Obviously, my task is to defend the truth of the premises.
P1. One of the great strengths of Kantian moral theory is its powerful account of what’s wrong with manipulative or coercive behavior such as torture, promise breaking, and lying. Such acts in effect treat others as mere means to our ends, inasmuch as we manipulate the other person’s behavior or expectations in order to advance our own happiness. In the particular case of lying, the manipulation or coercion involved is doxastic, as Sissela Bok has observed: A lie attempts to cause another person to act on a belief that the liar believes to be false so as to benefit the liar.
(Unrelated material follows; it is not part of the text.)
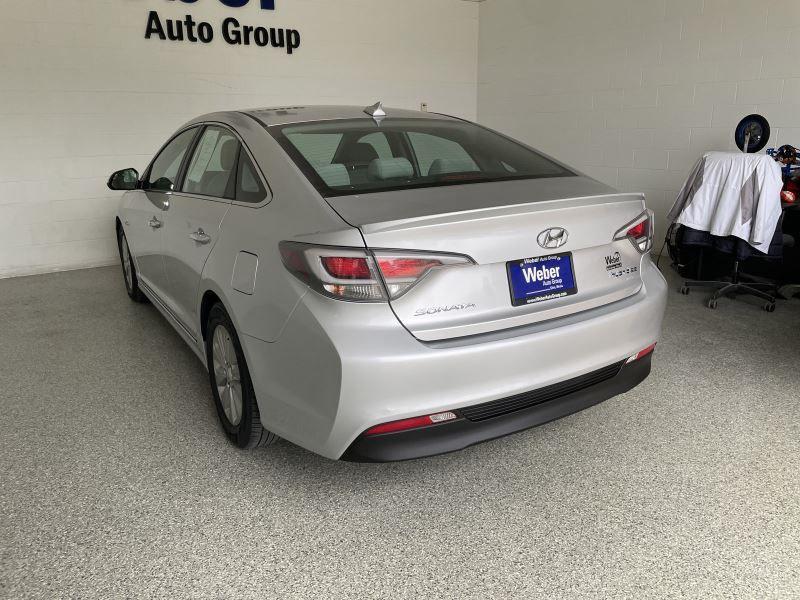 used 2016 Hyundai Sonata Hybrid car, priced at $12,900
But I would suggest that in the ‘murderer at the door’ example, two conditions necessary for lying to be wrongful (in Kantian terms) are not present: First, the lie is not meant to advance the happiness either of the liar or of the potential murder victim, but to thwart the abuse of the victim’s autonomy that her murder would represent. Hence, if lying to the murderer is manipulation at all, it is manipulation in the service of the would-be victim’s autonomy, a central Kantian value. Second, while Kantian ethics prioritizes the value of autonomous rational agency over happiness, it does not follow from this that we are obligated to honor another agent’s autonomous choices no matter the ends that a given exercise of autonomy is meant to serve. In the ‘murderer at the door’, the murderer intends to exercise his autonomy in the service of a morally impermissible end, and Kant claims that we are obligated to promote others’ ends (i.e., others’ happiness) only if those ends are themselves morally permissible. I take that to be an indirect statement of the notion that whether we must honor another’s autonomy on a given occasion may depend on whether that autonomy is being exercised in morally permissible ways. Autonomy may be the highest moral value, but it is not therefore an unconditioned value. To manipulate by lying is to deceive in order to thwart another’s otherwise permissible ends. In the murderer at the door example, this is not what we are considering doing.
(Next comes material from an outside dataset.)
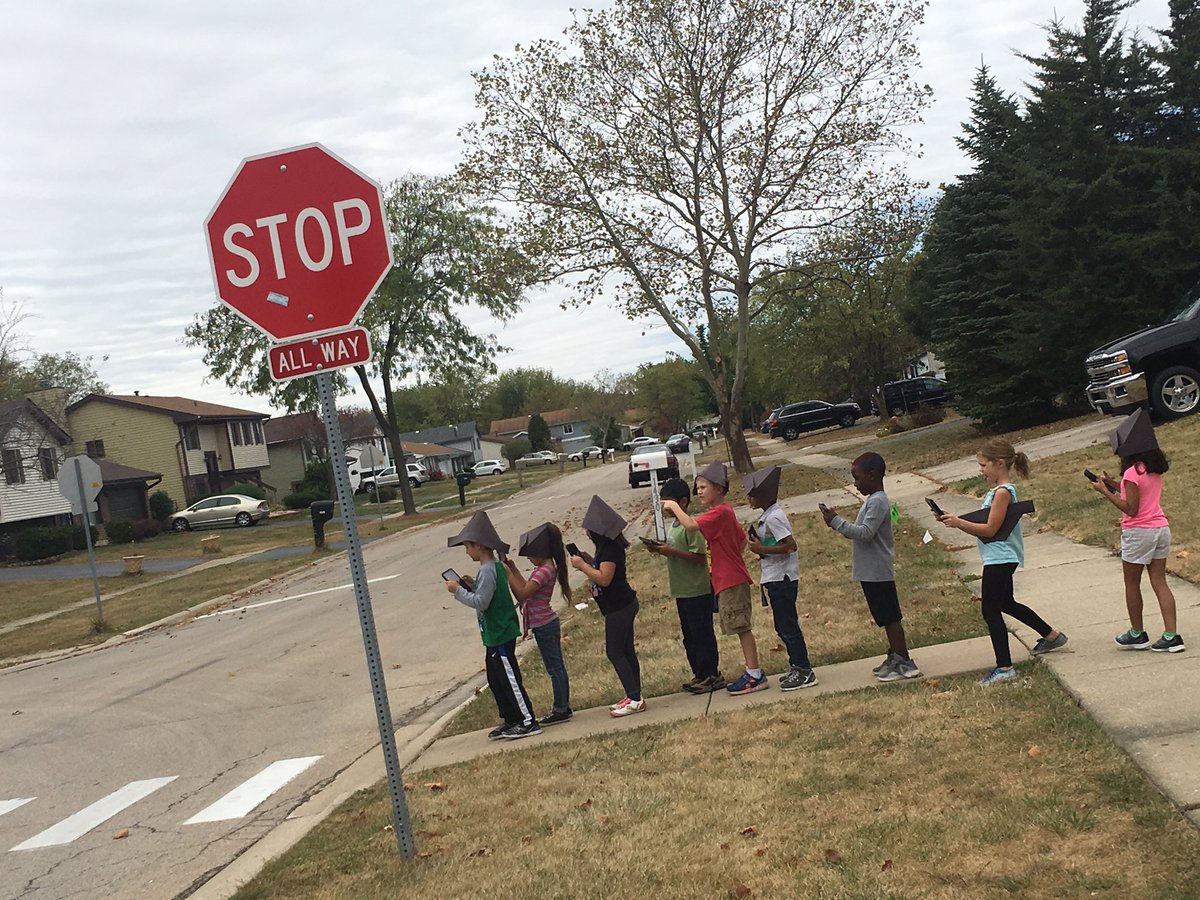 maestra317's tweet image. 1st grade Ss exploring the neighborhood  #googleearth #drone #explorersweek @ccsd93 @ECJSchool @EJPrincipalD93 @ElsieJohnsonIC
It would seem to follow that if I am innocent (i.e., I do not deserve to die for other reasons), my lying in self-defense is not an impermissible violation of the liar’s rational autonomy.
2. But would it be permissible for me to lie to the murderer in order to save another’s life? To see why it would be, I’m going to introduce what I will call the Kantian Symmetry Thesis. An ‘agent’ is the person who actually performs the act, and a ‘beneficiary’ is the person whose autonomy is protected or advanced by the agent’s act.
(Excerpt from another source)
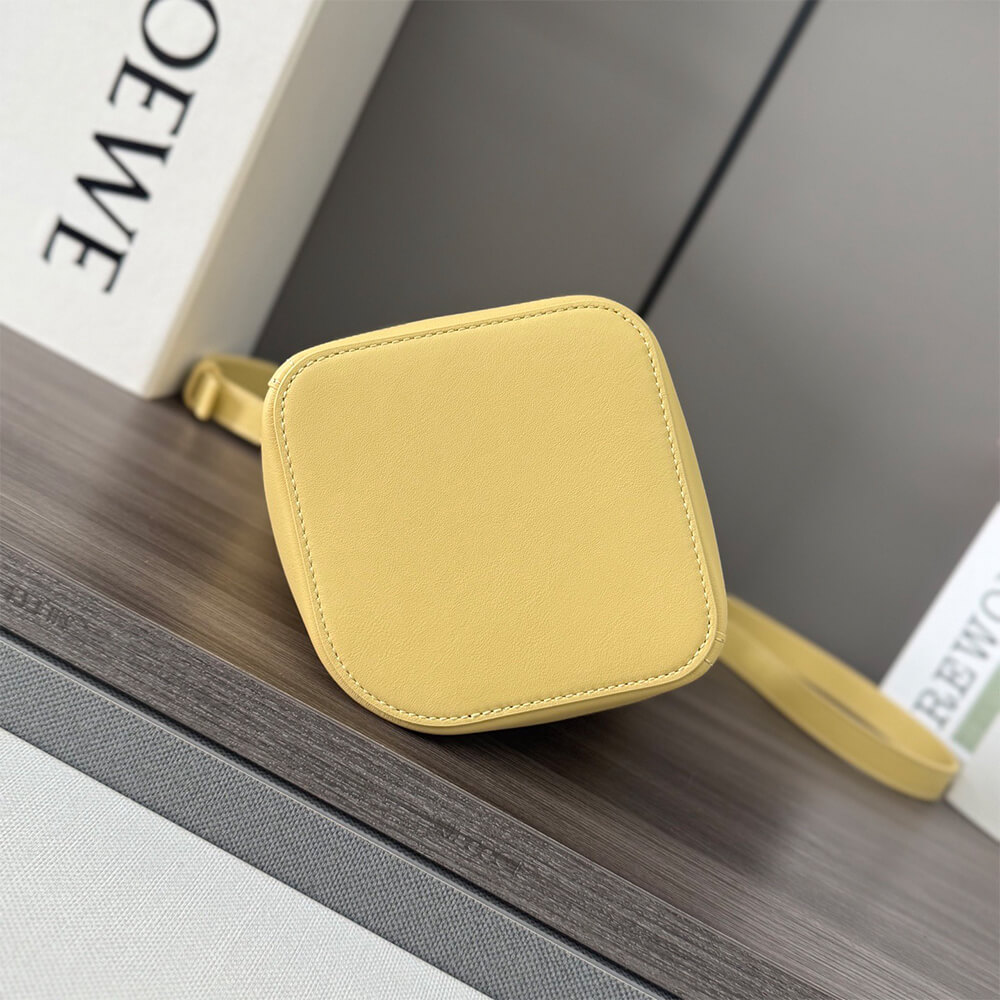LOEWE Mini Pebble bucket in smooth calfskin(high-end grade) - Top Club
Kantian Symmetry Thesis: Any morally permissible act performed by agent A in which A is also the act’s beneficiary is also permissible if another agent B (relevantly similar to A) is the beneficiary of A’s act instead.
We see throughout Kant’s casuistry implicit appeals to this thesis: Suicide, Kant thought, is wrong for just the same reasons (and in just the same circumstances) that homicide is wrong. Similarly, in Kant’s sexual ethics (not that we should accept much of it of course!) acts that treat another’s sexuality as a mere tool of one’s happiness (rape) are wrong in the same way that acts that treat one’s own sexuality as a tool of one’s own happiness (masturbation) are wrong. In other words, Kant did not think that there exists a special moral relationship to oneself such that the obligations one bears vis-a-vis oneself are importantly distinct from those one bears toward other agents. (This is a way in which Kant was not a ‘liberal,’ since one important feature of liberalism has been the idea of a domain of self-regarding behavior that is governed by different norms from the domain of other-regarding behavior).
So, if it is permissible for me to lie to prevent a murderer from killing innocent me, than by the KST, it would follow that it would also be permissible for me to lie to prevent that same murderer from killing another innocent.
Again, I don’t know if my thoughts about how to address the murderer at the door hold any general lessons about how to develop a non-ideal Kantian theory (one that takes account of others’ wrongdoing), but any ideas or suggestions are certainly welcome.